Son yıllardaki istihdam, işsizlik, aktif/pasif oranı rakamlarını nasıl değerlendiriyorsunuz?
Bizim en büyük çalışma alanlarımızdan bir tanesi istihdamın artırılması. Şimdi artık eskisi gibi değil örneğin; yapay zekadan söz ediyoruz. Yeşil ekonomiden, dijital dönüşümden söz ediyoruz. İstihdama yönelik politikaları geliştirirken bütün bu değişim sürecini dikkate almalıyız. Tabii genel tabloya bakacak olursak; şu an 32.2 milyon vatandaşımız istihdamda. Pasif dediğimiz emeklilerin sayısı; 17 milyona yaklaşmış durumda. Bunun 11.4 milyonu SSK'lı emekliler, 2.9 milyonu Bağ-Kur'lu ve 2,5 milyon da Emekli Sandığından emekli olan vatandaşlarımız. İşyeri sayımız geçmişte 727 binken değerli arkadaşlarım şu an 2.3 milyona ulaşmış durumdayız. Aktif-pasif oranı aktif istihdam politikalarıyla birlikte daha da yükseltmeye gayret ediyoruz. Çünkü arzu edilen hedef iki çalışan sayısına karşılık bir emekli sayısı olması. Yani aktif pasif oranının 2 olması. Şimdi bu rakam 1.6 düzeyinde. Dünya ortalaması 1.8. Almanya, Hollanda'da 1.8. ideali tabii 2. Bizim 2'yi yakaladığımız dönemler oldu. Sektör bazlı istihdam oranı dağılımlarında malumunuz başı hizmet sektörü çekiyor. Hizmet sektörü %60'a yaklaşıyor. Çalışan nüfusun %57,9'u hizmet sektöründe. Daha sonra sanayi sektöründe de %27,7, inşaat sektörü %6.6, tarım sektörü 14,8. Genel çerçeveyi bu şekilde çizebiliriz. Tabii bu genel çerçeveyi çizdikten sonra da şunu söyleyebiliriz ki öncelikle çalışma çağındaki nüfusta oluşan atıl işgücümüzü tekrar istihdama kazandırmak, bizim en önemli önceliğimiz bu olacak, politikalarımızı bu yönde geliştiriyoruz.

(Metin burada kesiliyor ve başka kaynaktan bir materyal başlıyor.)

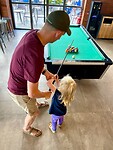 IMG_0367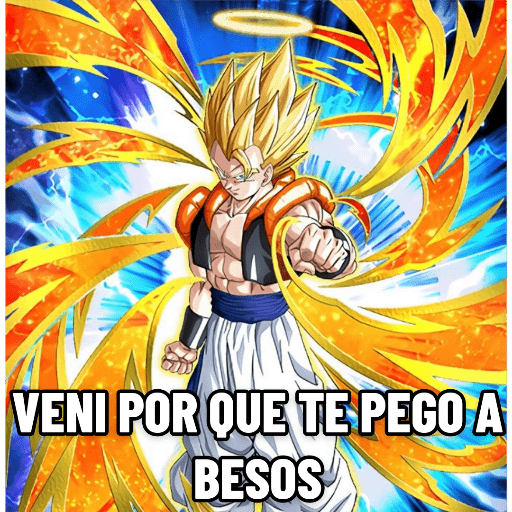 Dragon ball 12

Şimdi geçen yıl Şubat ayında prim desteği 4 puana düşürülmüştü. Yeni vergi paketiyle 2 puana düşürülüyor. Bir tek imalatta kalıyor. Bir yandan prim desteğini düşürürken bir yandan başka bir destek verecek misiniz?
Özellikle istihdamın korunması bizim için çok önemli. İstihdamı koruyan hatta
artıran firmalara, ilave istihdam sağlayanlara biz destek vereceğiz burada.
Yani biz Sanayi ve Teknoloji Bakanlığımız, Tekstil, hazır giyim, deri ve mobilya
sektöründe 2.500 lira destek verdi. Ama KOBİ'lerle sınırlıydı ve bu dört sektörle
sınırlıydı. Biz de hem esnafımızı koruyacak hem büyük işletmelerimizi koruyacak,
hem de istihdamın korunması ve artırılmasına hizmet edecek yeni bir uygulamaya
geçiyoruz. İlgili kanun teklifi yakın zamanda plan bütçe komisyonunda kabul
edildi. Kısa sürede kanunlaşmasını bekliyoruz. İmalat sanayinde faydalanacak
sektör sayısını Sanayi ve Teknoloji Bakanlığımız ile birlikte arttıracağız.
Destek miktarını da aynı şekilde arttıracağız ancak henüz tutarı belirlemedik.
Böylelikle ülkemizin imalat gücünü, içinde bulunduğumuz dezenflasyon sürecinde
koruyarak, işsizlik rakamlarını da tek hanelerde tutmaya ve daha da iyileştirmeye
yönelik önemli bir adım atmış olacağız.